Bridget does feed them. Fancy that.

Daniel is also the biggest male affection whore I have ever met.

Unapologetically so. Importantly so.

Thank God. And it's all for me. Schuyler, move over. Okay, thanks. That's better.

Daniel is awesome. The minute he walks into the house he hugs the children and then he is all mine to mack on for as long as I like. His arms are perpetually stuffed with Bridget. There is no tension. He doesn't like girls so there's no jealousy either. There is only arms that are sort of like Ben's but not quite and the classic kangaroo care that I have sought out from Daniel when all else has failed me in the world since Jake left it and Ben couldn't pull himself together to take care of it. He'll wrap us both in a blanket and just hold me, whether it's for hours or days, if need be. He just holds tight and rocks sometimes and sometimes he just sits.

And he loves his brother. So much it's hard to quantify. He idolizes Ben. He lives vicariously through Ben's adventures and he looks forward to the times when the two of them can just hang out. Get some food and just spend time when Ben is in town, because it's much more rare and precious than now it used to be when they were growing up. He listens to Ben's music and like the rest of us, has his speed dial programmed predictably: A for voicemail, B for Benjamin.

You all thought B would be for Bridget. Nope. (I'm usually filed under P for princess. Sad, I know).
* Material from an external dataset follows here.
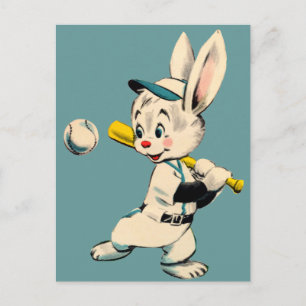 Carte Postale Lapin De Baseball En Bleu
Ben has a bigger place in our world than he might believe. I don't think half the time he has a sweet clue exactly how important he is to his little brother. Daniel doesn't believe in all that much. And maybe as a collective we have become jaded through the years. Death changes people and people who have no business being in charge wind up that way. And so Ben became Daniel's everything, while Daniel has always been Ben's everything. Like boys, they just don't say it until something happens.

I thought last year before Christmas when Schuyler rolled their car and walked away without a scratch while Daniel wound up with broken facial bones and the mother of all full-body bruising that Benjamin was gone for good. He lost it. Coming that close to losing the last immediate member of his family sent him into a sort of despair that left Daniel incredibly touched, because Ben could be cold sometimes. But Ben isn't cold anymore and they seem to appreciate each other more the older they get. Ben rebounded quickly and enlisted everyone to help look after Daniel until he was repaired enough to...uh...look for another job.

God love him. I gave him a hundred dollars for gas this morning and I daresay he'll show up with fast food for lunch, because, well...

That's what Ben would do. (And has done. Seriously!)

Daniel's going to stay here for the whole next week too. I will take the hit to my pantry (and my purse) in exchange for his endless hugs. He says I am his Sugar Mama.

Huh. He's Bridget in male form, isn't he?